Recreate the listing that follows line for line, without pictures.

# Stored data
--------------------

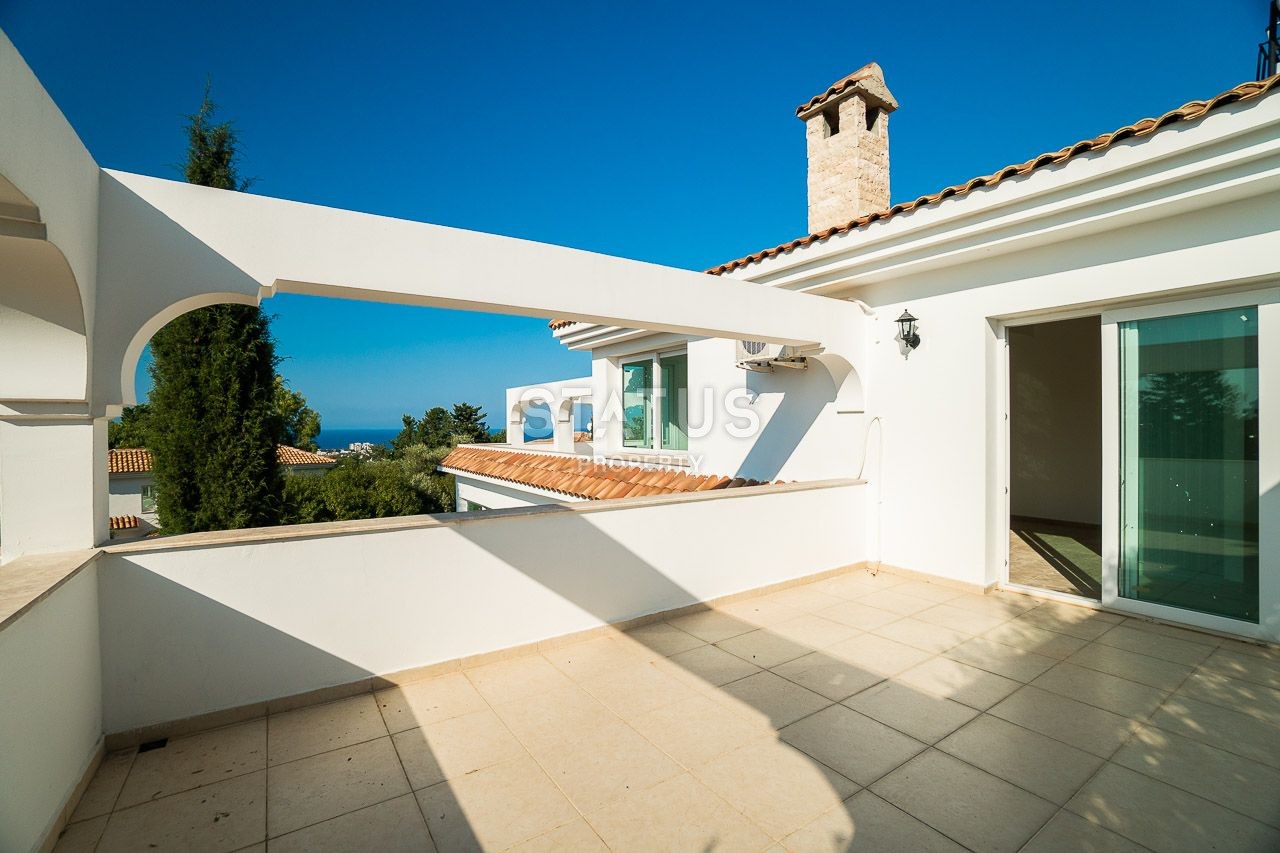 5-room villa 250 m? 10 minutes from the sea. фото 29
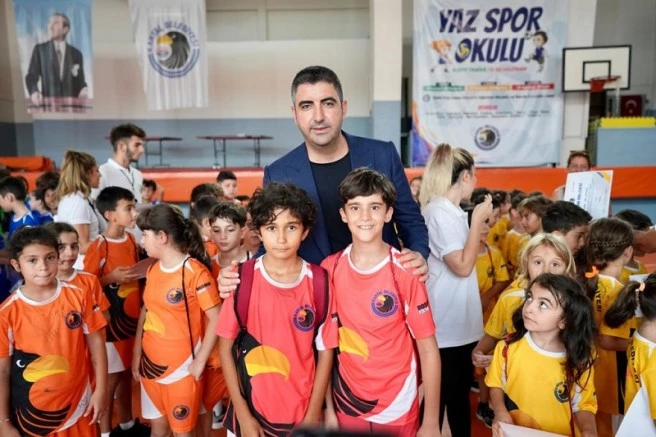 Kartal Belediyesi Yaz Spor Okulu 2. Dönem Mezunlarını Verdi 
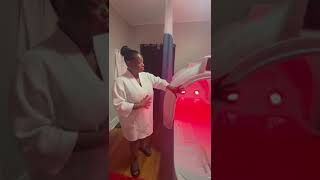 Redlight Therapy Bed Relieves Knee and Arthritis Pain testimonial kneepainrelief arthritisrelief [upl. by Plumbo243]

--------------------

# Task response
 5-room villa 250 m? 10 minutes from the sea. фото 29
 Kartal Belediyesi Yaz Spor Okulu 2. Dönem Mezunlarını Verdi 
 Redlight Therapy Bed Relieves Knee and Arthritis Pain testimonial kneepainrelief arthritisrelief [upl. by Plumbo243]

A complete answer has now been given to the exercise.